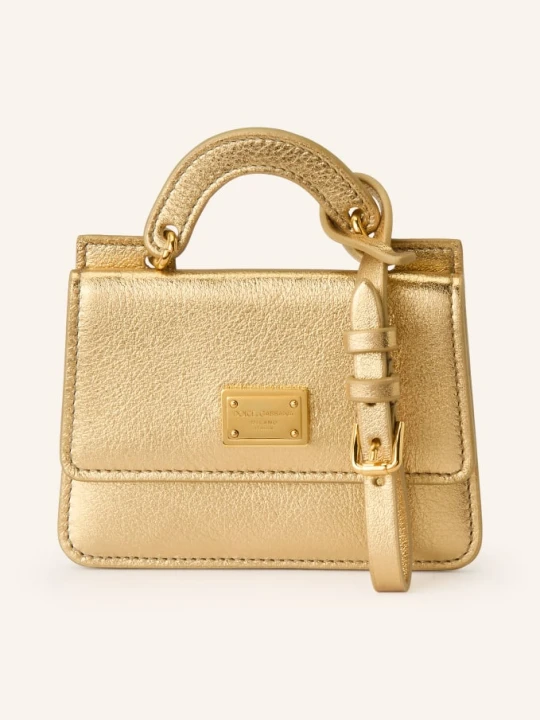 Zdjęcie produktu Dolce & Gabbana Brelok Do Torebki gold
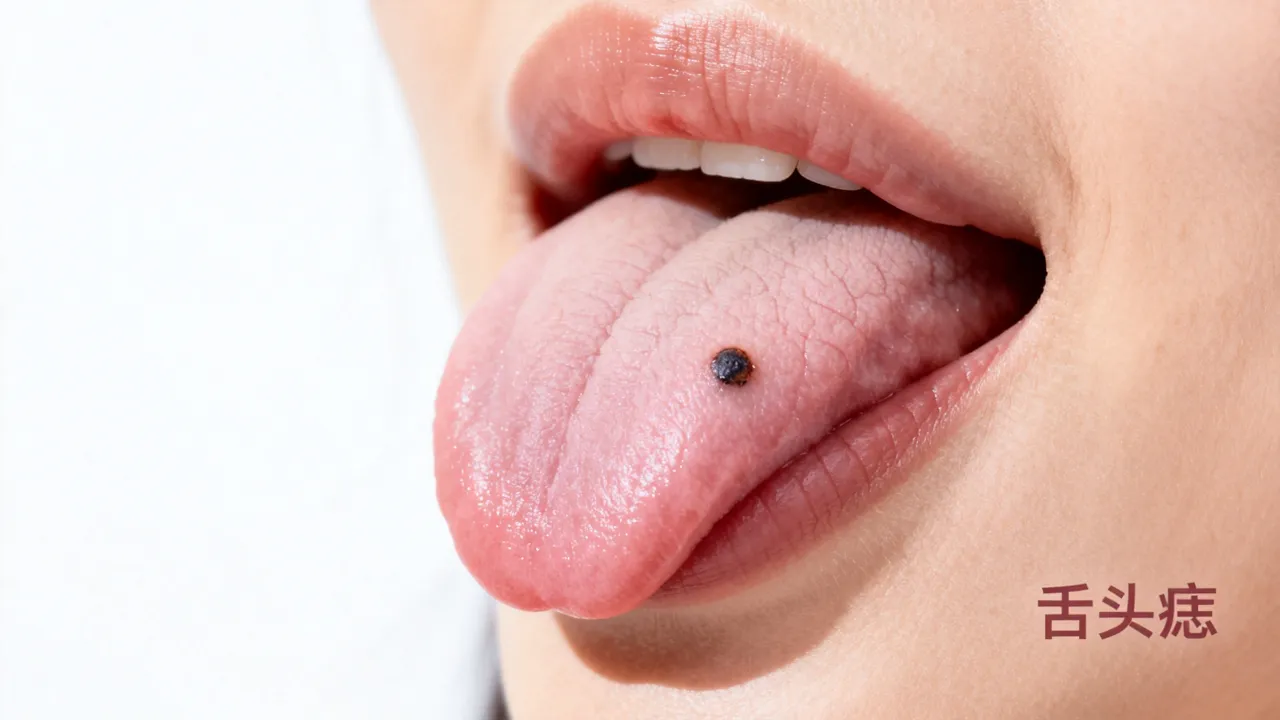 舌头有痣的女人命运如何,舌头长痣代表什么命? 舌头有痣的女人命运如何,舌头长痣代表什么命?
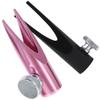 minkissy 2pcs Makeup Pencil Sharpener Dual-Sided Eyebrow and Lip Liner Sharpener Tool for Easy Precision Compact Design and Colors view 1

= = = = = = =

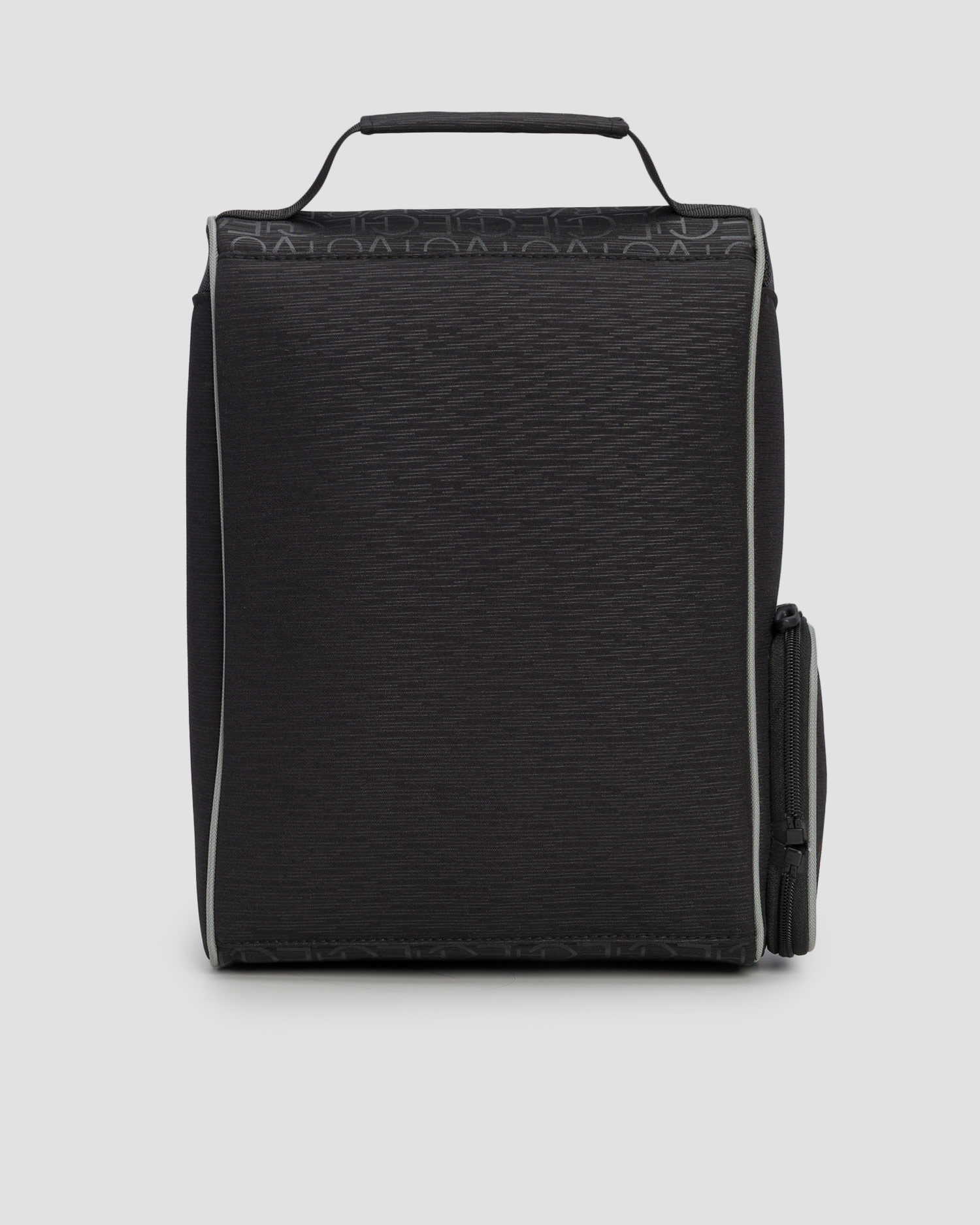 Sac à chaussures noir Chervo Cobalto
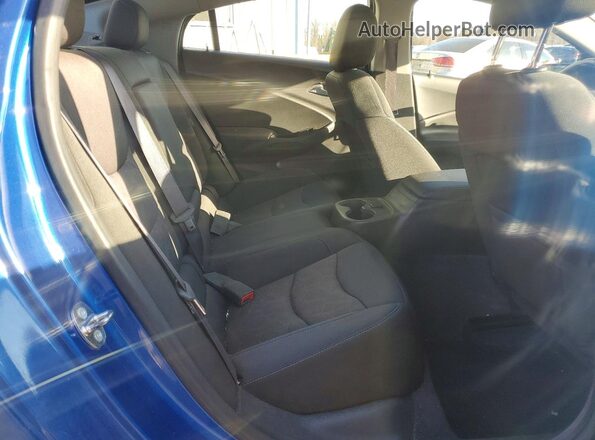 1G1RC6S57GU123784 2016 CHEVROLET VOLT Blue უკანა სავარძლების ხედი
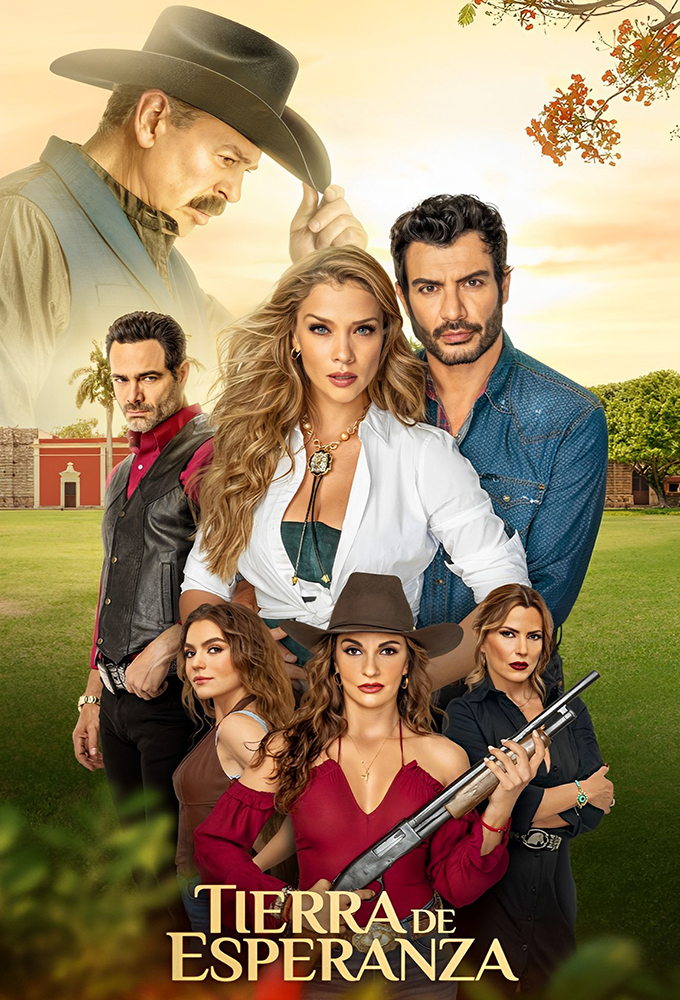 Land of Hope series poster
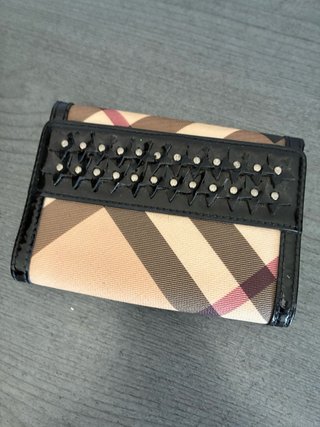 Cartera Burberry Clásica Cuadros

= = = = = = =

▶ **TASK OBJECTIVE**: Range to copy from the listing above: the line containing "Land of Hope series poster" down to the line containing "Cartera Burberry Clásica Cuadros", both included. Reproduce it exactly, minus the pictures, and add nothing.

▶ **ANSWER FOR THIS EXERCISE**:
 Land of Hope series poster
 Cartera Burberry Clásica Cuadros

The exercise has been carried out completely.